### TASK TO COMPLETE
Copy everything in the data below exactly except the pictures.

### INPUT DATA
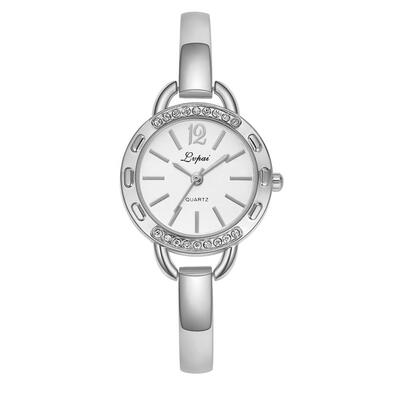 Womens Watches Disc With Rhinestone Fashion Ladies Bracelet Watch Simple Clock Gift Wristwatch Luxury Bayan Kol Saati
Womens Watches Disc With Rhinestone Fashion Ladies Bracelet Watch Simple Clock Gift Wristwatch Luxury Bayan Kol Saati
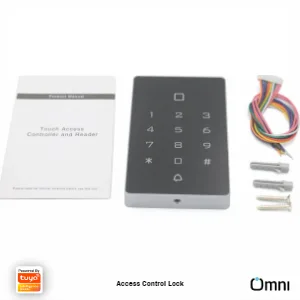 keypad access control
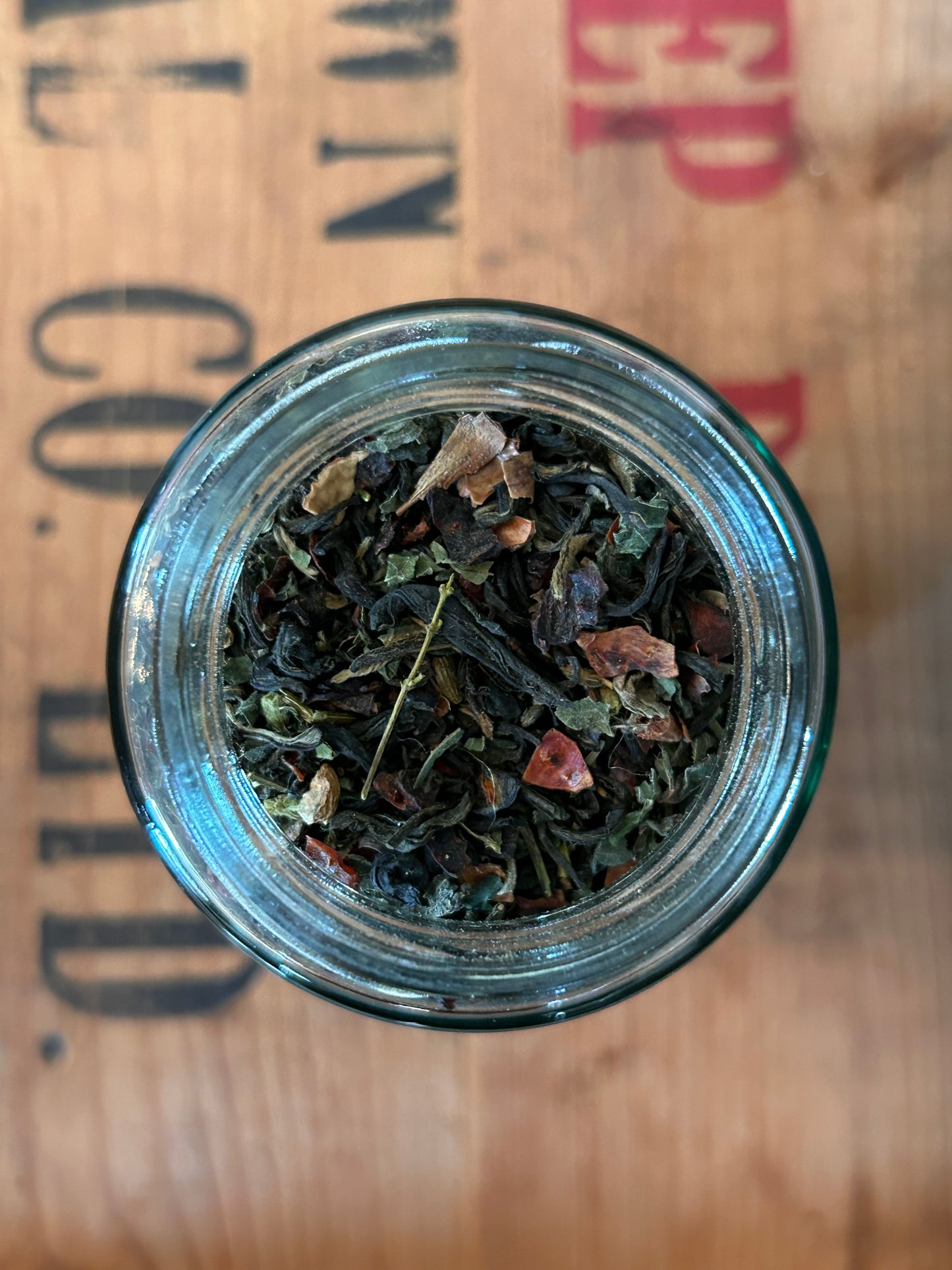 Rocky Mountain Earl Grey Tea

### WRITTEN ANSWER
 Womens Watches Disc With Rhinestone Fashion Ladies Bracelet Watch Simple Clock Gift Wristwatch Luxury Bayan Kol Saati
Womens Watches Disc With Rhinestone Fashion Ladies Bracelet Watch Simple Clock Gift Wristwatch Luxury Bayan Kol Saati
 keypad access control
 Rocky Mountain Earl Grey Tea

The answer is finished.